_Aim of the exercise_
Extract the data exactly, missing nothing.
··· Material for this exercise ···
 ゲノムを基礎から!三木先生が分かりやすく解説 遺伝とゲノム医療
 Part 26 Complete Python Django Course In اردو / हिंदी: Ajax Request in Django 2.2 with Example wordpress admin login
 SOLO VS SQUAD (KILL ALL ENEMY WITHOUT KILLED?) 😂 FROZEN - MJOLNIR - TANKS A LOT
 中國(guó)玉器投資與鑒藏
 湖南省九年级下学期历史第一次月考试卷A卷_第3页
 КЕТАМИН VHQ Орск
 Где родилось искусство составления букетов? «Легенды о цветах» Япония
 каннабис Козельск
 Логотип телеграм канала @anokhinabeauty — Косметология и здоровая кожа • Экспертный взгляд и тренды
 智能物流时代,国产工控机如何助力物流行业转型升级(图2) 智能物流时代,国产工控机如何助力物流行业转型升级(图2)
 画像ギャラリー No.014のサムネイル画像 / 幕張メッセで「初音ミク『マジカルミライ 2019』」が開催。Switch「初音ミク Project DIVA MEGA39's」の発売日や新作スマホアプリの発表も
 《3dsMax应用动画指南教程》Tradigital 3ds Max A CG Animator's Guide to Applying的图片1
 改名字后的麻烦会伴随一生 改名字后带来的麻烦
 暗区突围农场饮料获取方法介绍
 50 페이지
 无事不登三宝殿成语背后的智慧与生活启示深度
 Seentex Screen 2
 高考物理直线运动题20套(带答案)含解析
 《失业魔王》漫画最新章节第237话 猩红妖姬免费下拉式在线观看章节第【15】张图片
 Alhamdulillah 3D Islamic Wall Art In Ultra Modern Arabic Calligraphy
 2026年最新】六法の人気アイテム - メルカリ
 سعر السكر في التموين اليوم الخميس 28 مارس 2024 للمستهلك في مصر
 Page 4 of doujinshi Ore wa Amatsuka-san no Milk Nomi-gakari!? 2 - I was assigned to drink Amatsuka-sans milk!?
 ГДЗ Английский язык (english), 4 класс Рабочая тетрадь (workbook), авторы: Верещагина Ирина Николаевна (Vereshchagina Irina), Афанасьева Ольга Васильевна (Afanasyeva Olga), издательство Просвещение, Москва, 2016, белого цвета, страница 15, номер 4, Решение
···
_Final answer_
 ゲノムを基礎から!三木先生が分かりやすく解説 遺伝とゲノム医療
 Part 26 Complete Python Django Course In اردو / हिंदी: Ajax Request in Django 2.2 with Example wordpress admin login
 SOLO VS SQUAD (KILL ALL ENEMY WITHOUT KILLED?) 😂 FROZEN - MJOLNIR - TANKS A LOT
 中國(guó)玉器投資與鑒藏
 湖南省九年级下学期历史第一次月考试卷A卷_第3页
 КЕТАМИН VHQ Орск
 Где родилось искусство составления букетов? «Легенды о цветах» Япония
 каннабис Козельск
 Логотип телеграм канала @anokhinabeauty — Косметология и здоровая кожа • Экспертный взгляд и тренды
 智能物流时代,国产工控机如何助力物流行业转型升级(图2) 智能物流时代,国产工控机如何助力物流行业转型升级(图2)
 画像ギャラリー No.014のサムネイル画像 / 幕張メッセで「初音ミク『マジカルミライ 2019』」が開催。Switch「初音ミク Project DIVA MEGA39's」の発売日や新作スマホアプリの発表も
 《3dsMax应用动画指南教程》Tradigital 3ds Max A CG Animator's Guide to Applying的图片1
 改名字后的麻烦会伴随一生 改名字后带来的麻烦
 暗区突围农场饮料获取方法介绍
 50 페이지
 无事不登三宝殿成语背后的智慧与生活启示深度
 Seentex Screen 2
 高考物理直线运动题20套(带答案)含解析
 《失业魔王》漫画最新章节第237话 猩红妖姬免费下拉式在线观看章节第【15】张图片
 Alhamdulillah 3D Islamic Wall Art In Ultra Modern Arabic Calligraphy
 2026年最新】六法の人気アイテム - メルカリ
 سعر السكر في التموين اليوم الخميس 28 مارس 2024 للمستهلك في مصر
 Page 4 of doujinshi Ore wa Amatsuka-san no Milk Nomi-gakari!? 2 - I was assigned to drink Amatsuka-sans milk!?
 ГДЗ Английский язык (english), 4 класс Рабочая тетрадь (workbook), авторы: Верещагина Ирина Николаевна (Vereshchagina Irina), Афанасьева Ольга Васильевна (Afanasyeva Olga), издательство Просвещение, Москва, 2016, белого цвета, страница 15, номер 4, Решение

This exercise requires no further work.